Une diplomatie à géométrie variable nuit à la crédibilité
L’Union africaine elle-même n’est pas exempte de critiques. Son Conseil de paix et de sécurité a suspendu Madagascar dans l’urgence, mais a-t-il fait de même avec les régimes qui tripatouillent leurs Constitutions, répriment l’opposition et bâillonnent les médias ? La diplomatie à géométrie variable nuit à la crédibilité de ces institutions censées défendre la démocratie, l’État de droit et les droits de l’Homme.
Il est urgent de repenser l’approche internationale en matière de gouvernance en Afrique. Tant que les condamnations ne seront appliquées qu’aux régimes visibles en crise, et non à ceux qui érodent lentement les principes démocratiques, les citoyens continueront à perdre foi dans les institutions. L’ONU ne peut pas être le tribunal de l’après-coup. Elle doit devenir un organe de prévention crédible, impartial et constant.
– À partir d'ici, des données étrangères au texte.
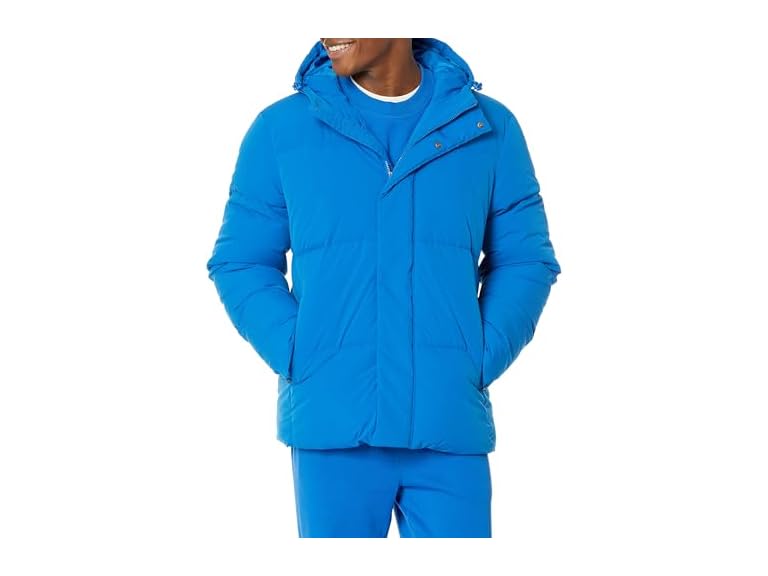 Amazon Essentials Men's Mid-Length Hooded Puffer Coat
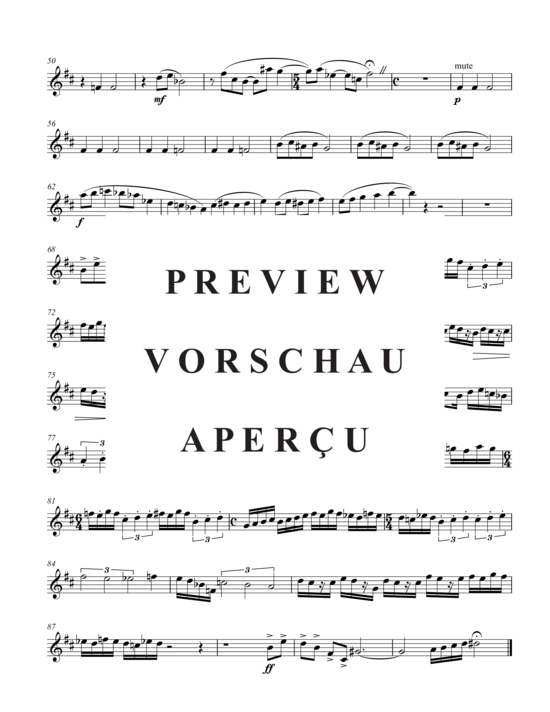 Produktgalerie: Seite 7 von 9 Fanfares, Flourishes & Airs , , (3x Trompete)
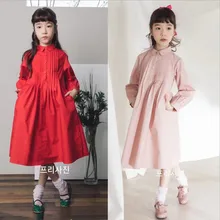 Прямая поставка; Новинка; платье для маленьких девочек; коллекция года; сезон весна-осень; платье с длинными рукавами из хлопка; детская одежда принцессы; tenns; праздничное платье; ws212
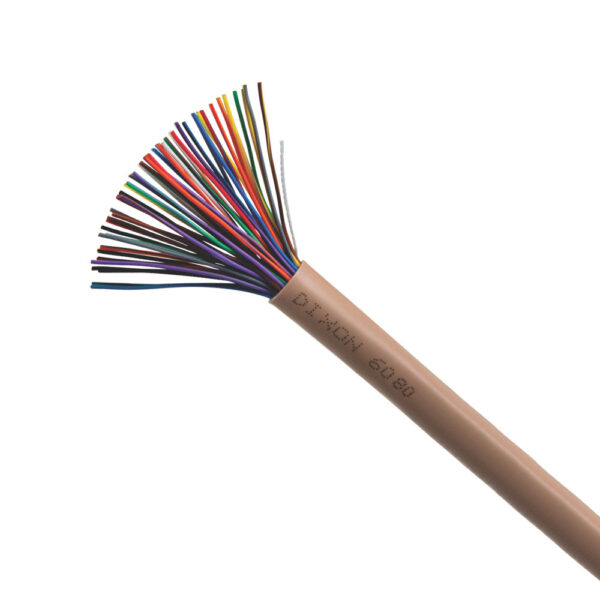 Rollo de 305 metros cable  telefónico de 25 pares x 24 AWG chaqueta  LSZH marca DIXON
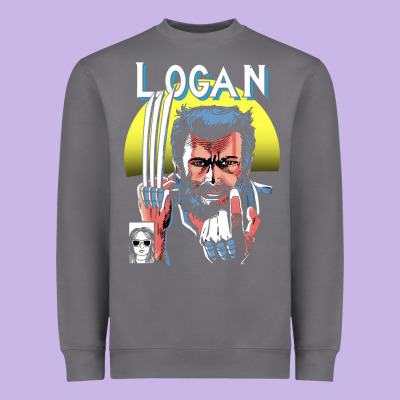 Old Man Logan Cover Heavyweight Sweatshirt Designed By Artisfamous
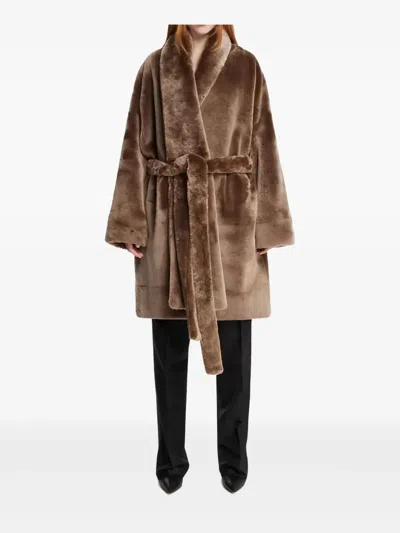 The Row Lucja Coat In Brown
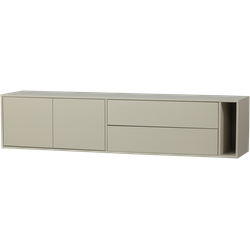 vtwonen Settle Down TV-meubel - Grenenhout - Dust - 45x200x44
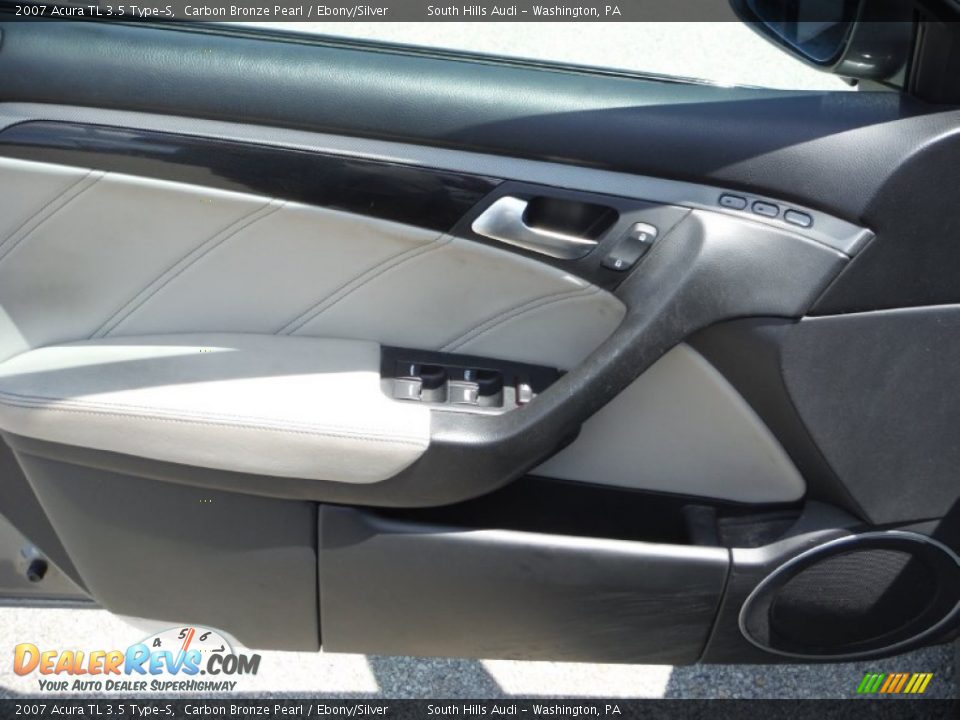 2007 Acura TL 3.5 Type-S Carbon Bronze Pearl / Ebony/Silver Photo #16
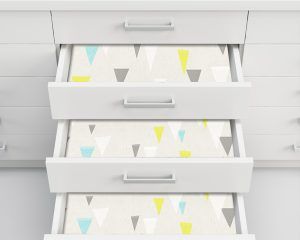 Triangles Mid Century - Inside Drawer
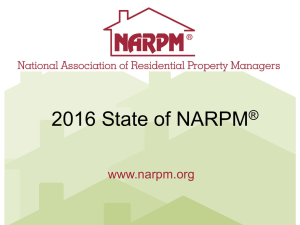 State of NARPM - National Association of Residential Property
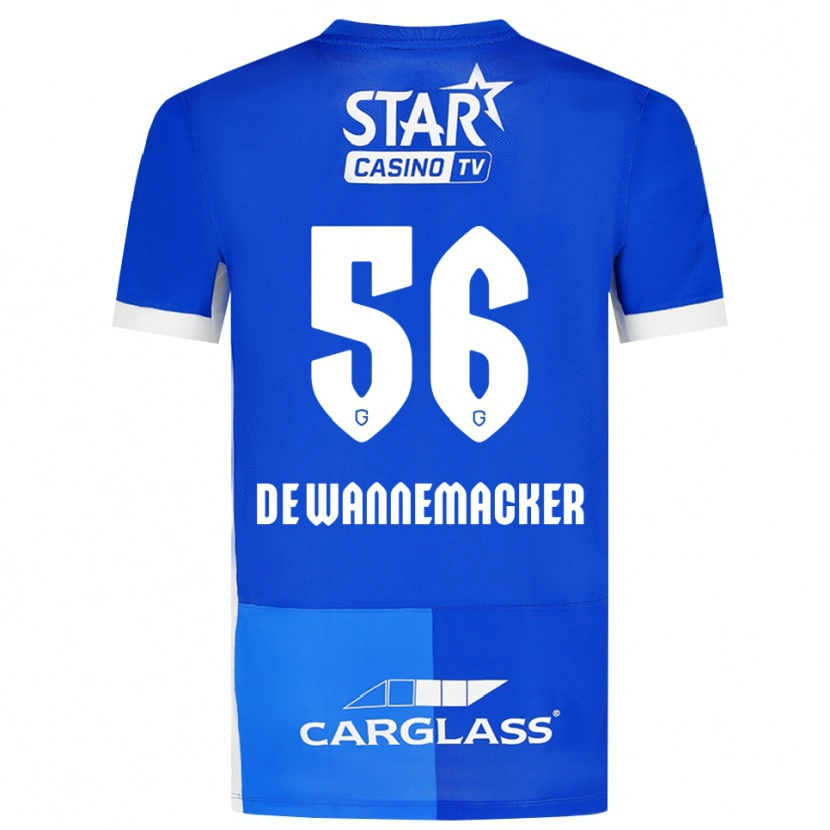Danxen Damen August De Wannemacker #56 Mittelblau Königlichblau Weiß Heimtrikot Trikot 2026/27 T-Shirt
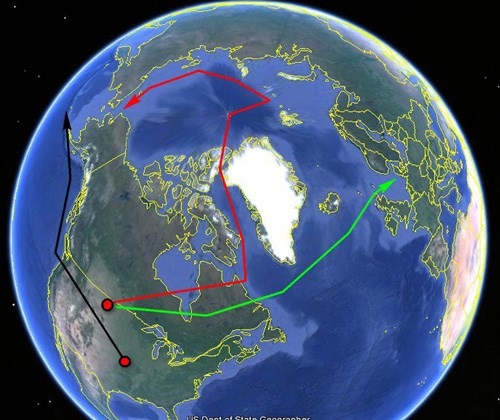 5 oanh tạc cơ Mỹ bay trên bầu trời Baltic, Bắc cực - ảnh 2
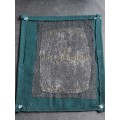 Suid Afrika Boks vs Rhodesia 1968 Boxing Cloth Tags 183 mm x 160mm (embroidered) - as per photograph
L’Afrique n’a pas besoin d’une démocratie en apparence
Cela implique une surveillance continue des processus démocratiques, une application équitable des règles et surtout un soutien fort à la société civile, aux médias indépendants et aux institutions de contre-pouvoir. L’Afrique a besoin d’une démocratie solide, pas seulement en apparence. Et cette solidité ne viendra pas d’élections organisées tous les cinq ans, mais de la capacité à faire respecter les constitutions, à garantir l’alternance et à empêcher l’éternisation au pouvoir.
En condamnant aujourd’hui la situation à Madagascar, l’ONU semble redécouvrir son rôle. Mais pour que cette posture ait du sens, elle doit s’étendre à tous les cas de figure. Sinon, elle ne fera que renforcer le sentiment d’injustice et d’abandon qui mine la confiance des peuples africains envers les institutions internationales.